The Sterling Redemption Contract

He stole her secrets. She kept his son. Now the truth will cost them everything.

The Director’s Mistake

The Daily Grind operated on a rhythm Julian Voss had learned to respect. The espresso machine hissed in four-second bursts, the grinder chewed through beans at precise intervals, and the morning rush arrived like a tide that receded exactly at 10:47 AM. He’d clocked this pattern over seventeen consecutive days of surveillance from a corner table, nursing single drip coffees into cold, bitter monuments to his dwindling budget.

Today, the rhythm broke.

“Cut,” Julian said, too loud, and the barista’s hand froze mid-pump on the vanilla syrup. “No, no—that’s not what I meant. The light was wrong anyway. Reset.”

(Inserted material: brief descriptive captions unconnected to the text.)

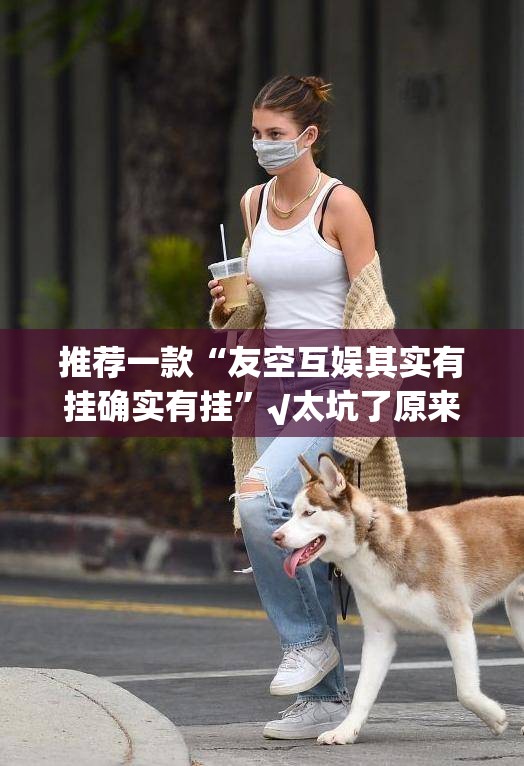 推荐一款“友空互娱其实有挂确实有挂”√太坑了原来有挂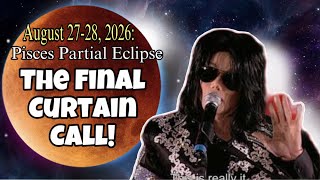 🌕 THE PISCES PARTIAL LUNAR ECLIPSE — THE FINAL CURTAIN CALL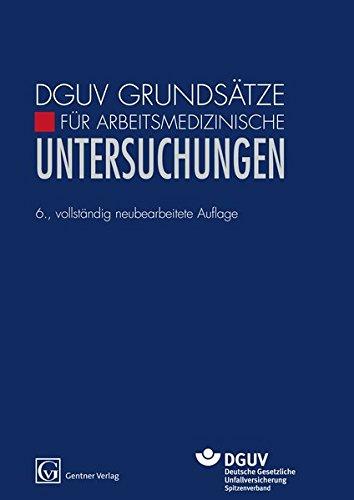 DVUV Grundsätze für Arbeitsmedizinische Untersuchungen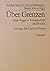 Über Grenzen: Neue Wege in Wissenschaft und Politik : Beiträge für Evelies Mayer (German Edition)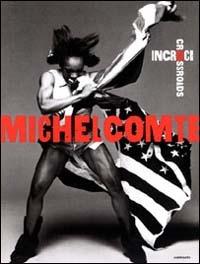 Incroci - Crossroads - Michel Comte - Libro Contrasto 2002 | Libraccio.it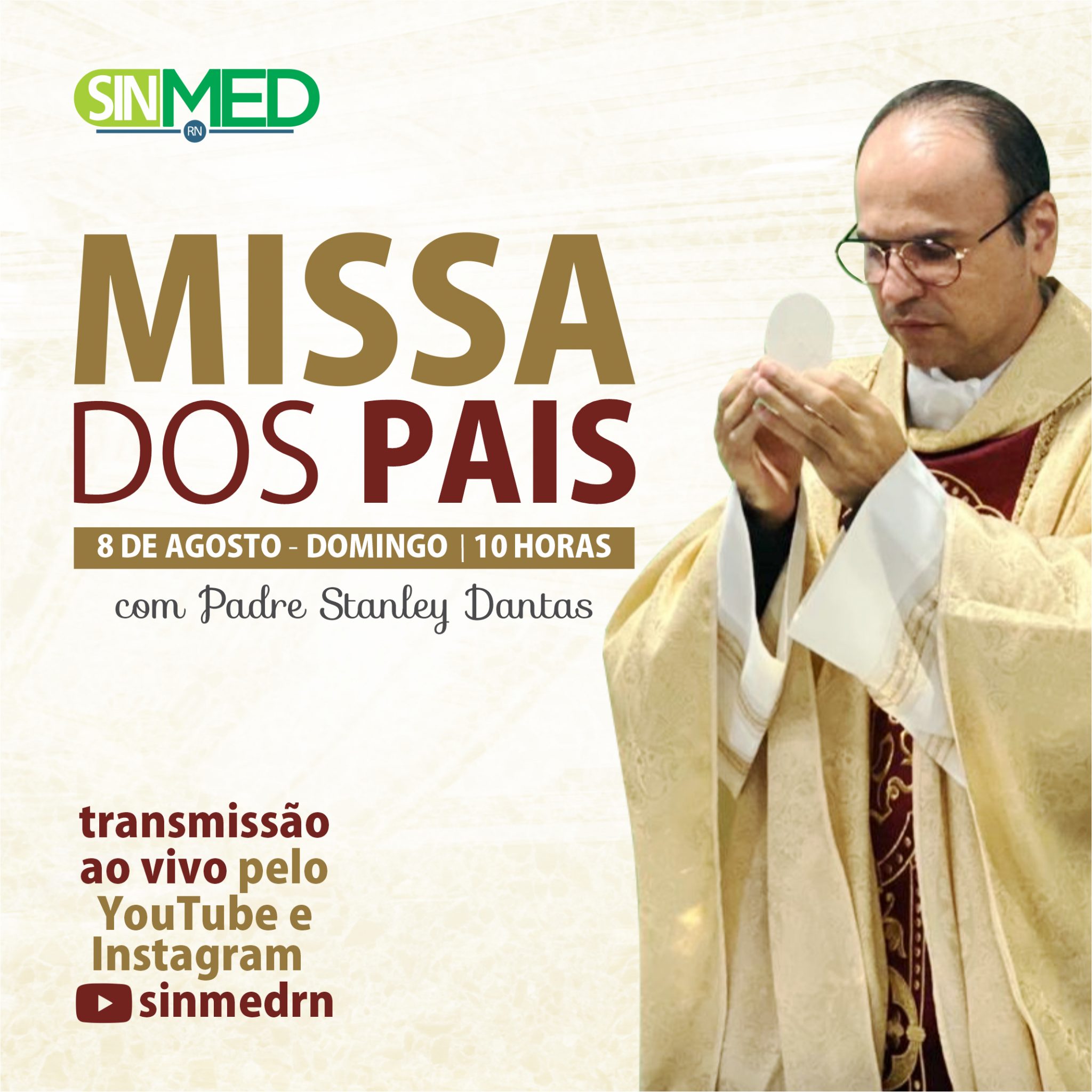 Sinmed RN realiza missa em homenagem ao Dia dos Pais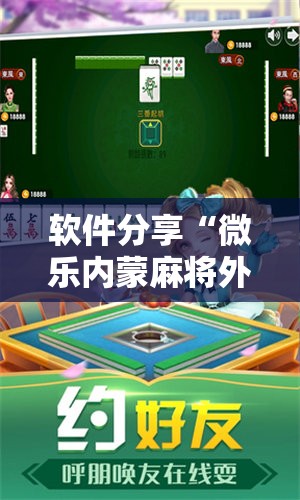 软件分享“微乐内蒙麻将外卦神器下载”其实确实有挂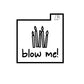 Blow Me Embosser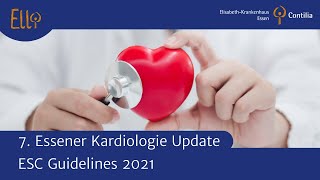 7 Essener Kardiologie Update 2022 I ESC Guidelines 2021 I Dr A Wolf [upl. by Whiting]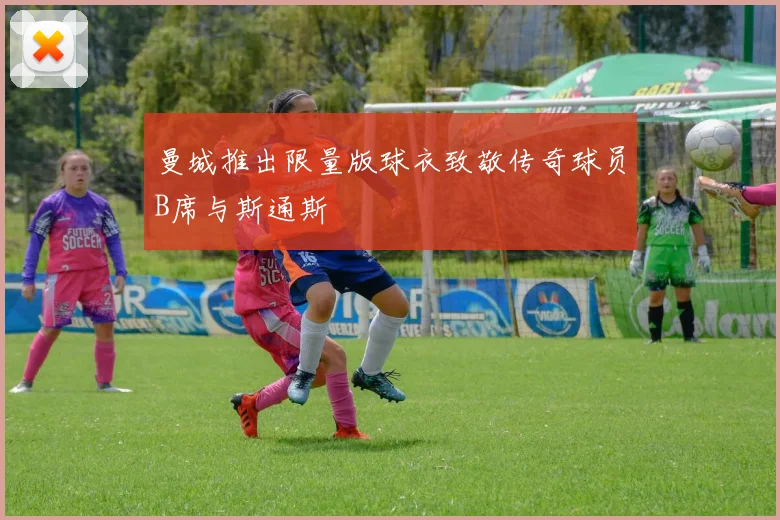 曼城推出限量版球衣致敬传奇球员B席与斯通斯
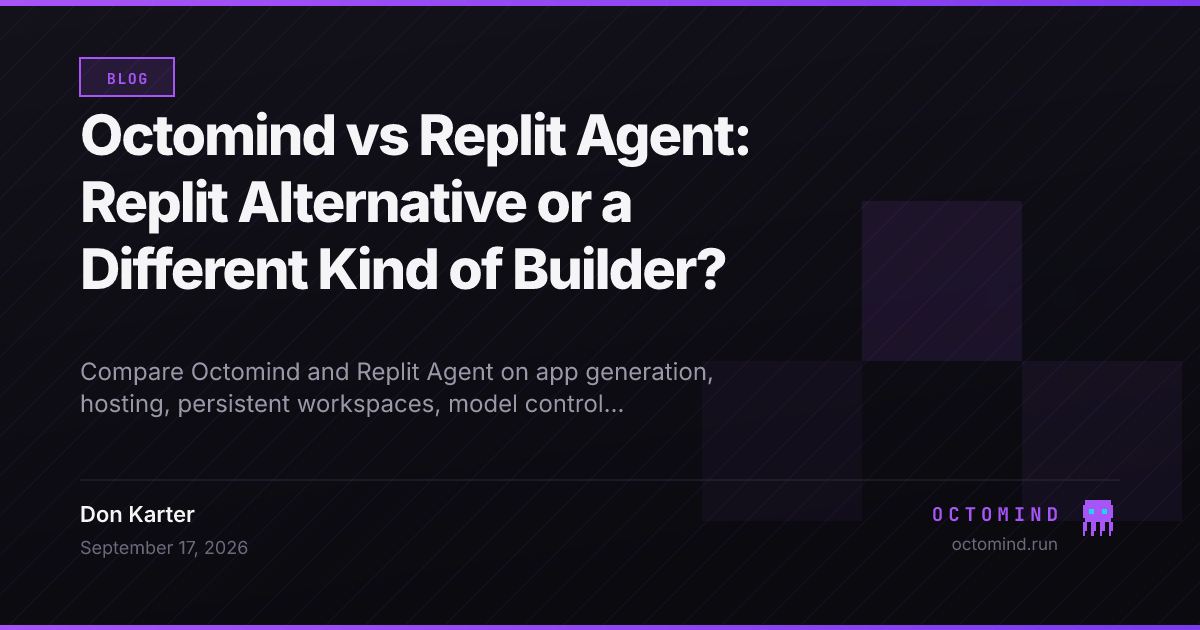 Octomind vs Replit Agent: Replit Alternative or a Different Kind of Builder?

His cinematographer, a kid named Reyes who’d worked for deferred payment and the promise of a credit, lowered the consumer-grade camera. “Julian, we’ve been here four hours. The owner’s giving us looks.”

“The owner gave us permission.”

“The owner gave us permission at six AM, before we’d rearranged her entire pastry display and asked her staff to repeat the same latte order forty times.”

Julian ran a hand through his hair, registering the dull ache behind his eyes that had become his default state since leaving New York. “One more pass. Clean. Professional. We nail the vibe, we walk.”

The vibe. As if he could manufacture sincerity with lighting gels and a rented lens. The commercial was for a boutique cold brew brand that had paid him exactly three thousand dollars—enough to keep his production company solvent for another month, enough to pretend he wasn’t forty-two and living out of a storage unit, enough to pretend he’d never been Julian Sterling, heir to a pharmaceutical empire that had tried to own him body and soul.

He’d burned that name two years ago. Changed it to Voss, his mother’s maiden. Scraped together this shell of a life in Los Angeles, far from his father’s reach. Victor Sterling ran the Northeast corridor. He wouldn’t bother with a man who couldn’t afford a real producer.

“Quiet on set,” Julian said, though there was no set, only a coffee shop in Silver Lake with bad acoustics and a health inspection score of ninety-one taped to the door. “Action.”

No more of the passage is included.